'''

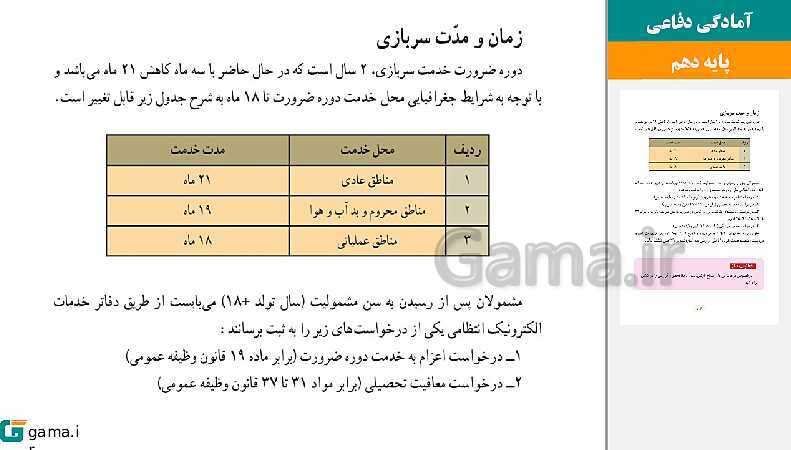 پاورپوینت کتاب محور ویژه تدریس مجازی آمادگی دفاعی دهم | درس 1 تا 12- پیش نمایش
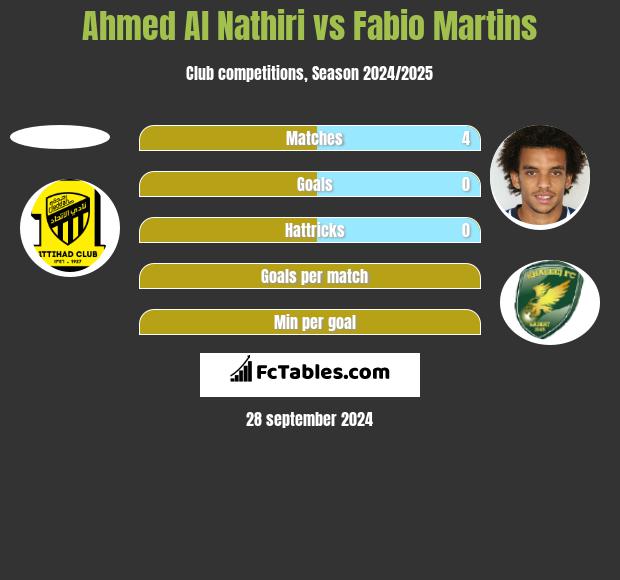 Ahmed Al Nathiri vs Fabio Martins h2h player stats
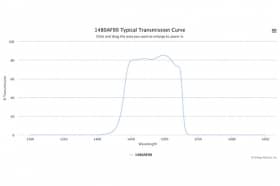 Полосовой оптический фильтр 1480AF90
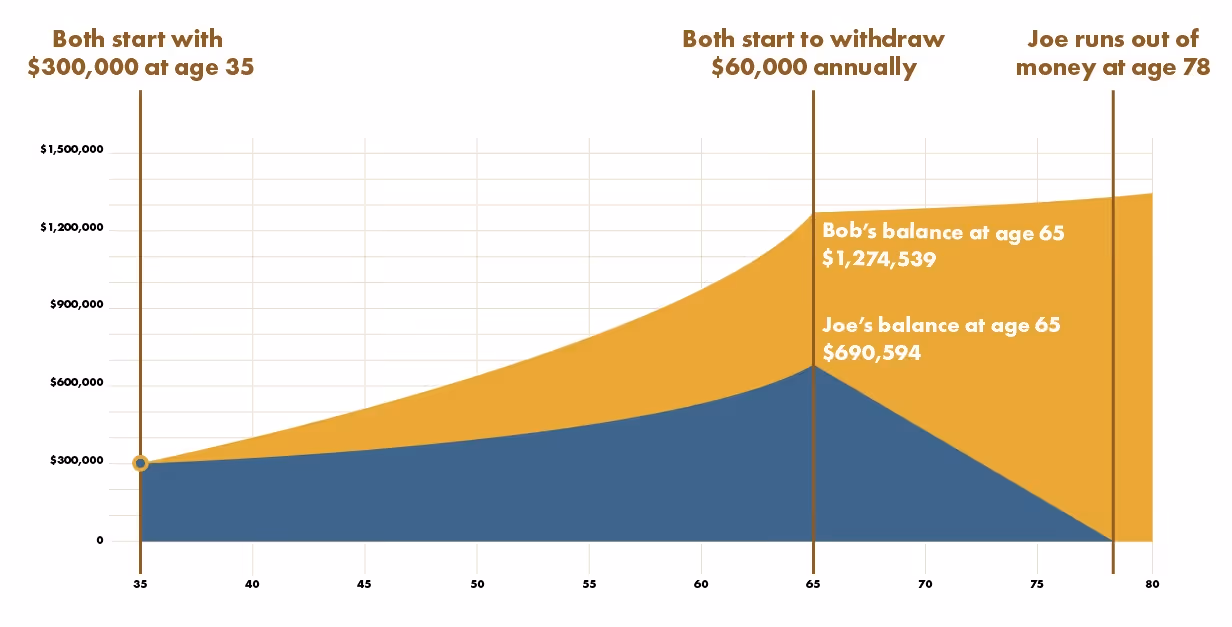 Retirement balance comparison between Bob and Joe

'''

Exercise description:
Output the span from the line with "Ahmed Al Nathiri" through the last line of the data, inclusive and exact, and omit every picture.

Exercise answer:
 Ahmed Al Nathiri vs Fabio Martins h2h player stats
 Полосовой оптический фильтр 1480AF90
 Retirement balance comparison between Bob and Joe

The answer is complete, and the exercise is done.